• EXERCISE DIRECTIONS:
Set the material down again exactly, line by line, skipping each picture.

• SOURCE MATERIAL:
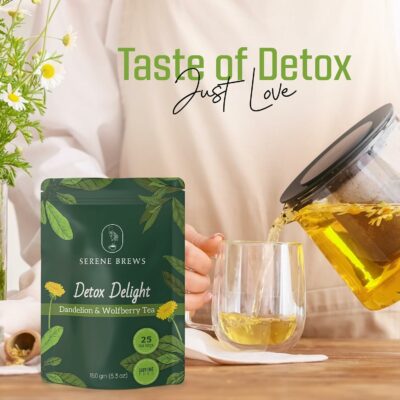 Dandelion Wolfberry Tea Liver Cleanse Detox & Repair Kidney Detox 100% Natural 25 Tea Bags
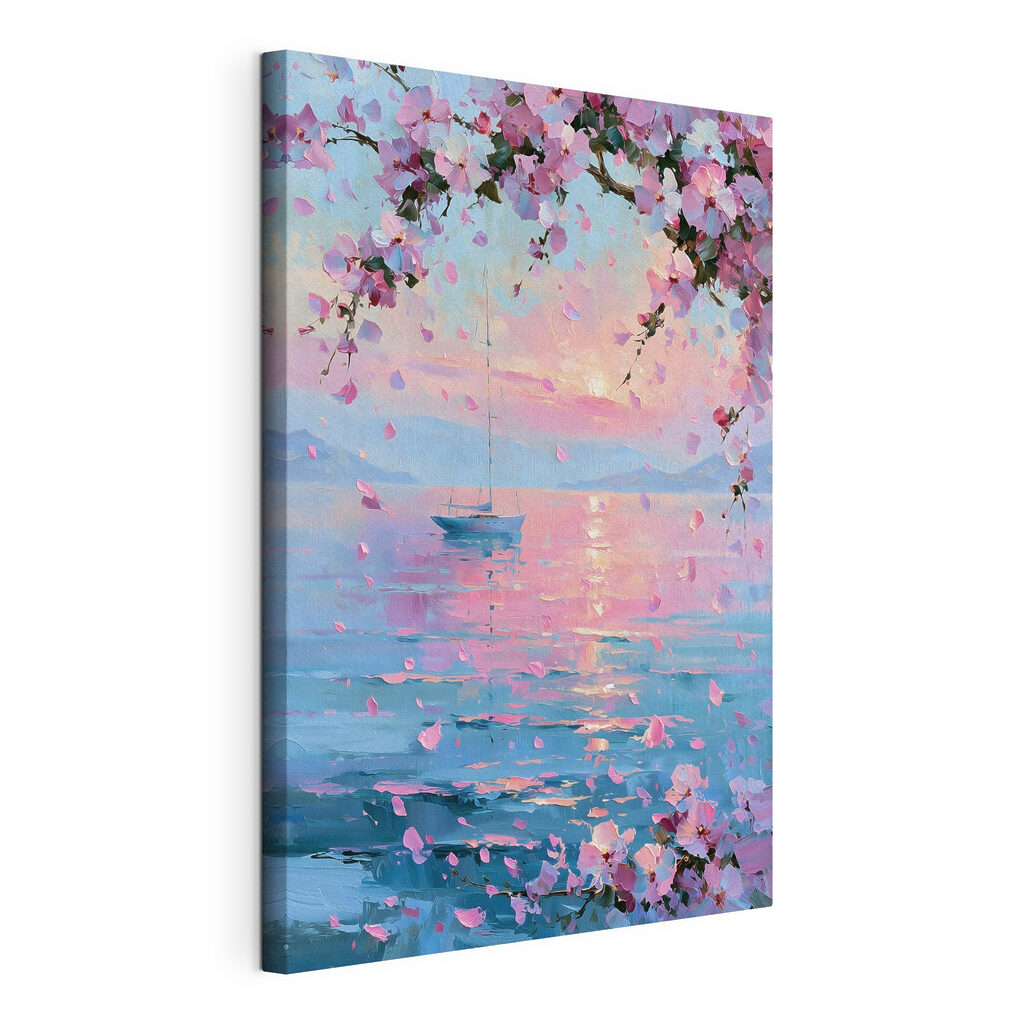 Schilderij van een zeilboot op een rustig wateroppervlak met roze bloemen — productweergave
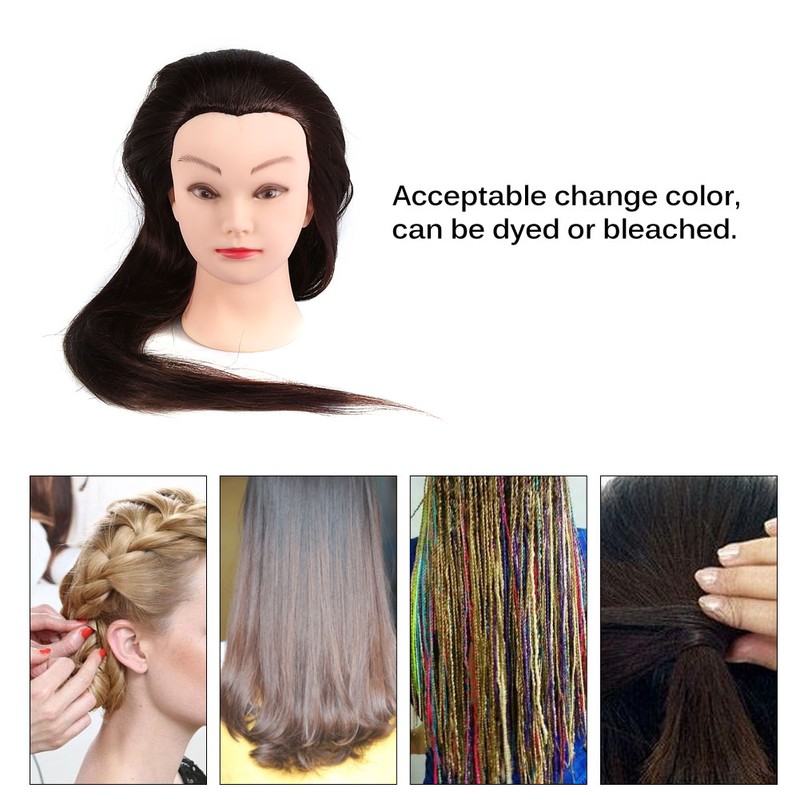 26" Synthetic Fiber Mannequin Head Hairdresser Training Head Cosmetology Doll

• OUTPUT OF THE EXERCISE:
 Dandelion Wolfberry Tea Liver Cleanse Detox & Repair Kidney Detox 100% Natural 25 Tea Bags
 Schilderij van een zeilboot op een rustig wateroppervlak met roze bloemen — productweergave
 26" Synthetic Fiber Mannequin Head Hairdresser Training Head Cosmetology Doll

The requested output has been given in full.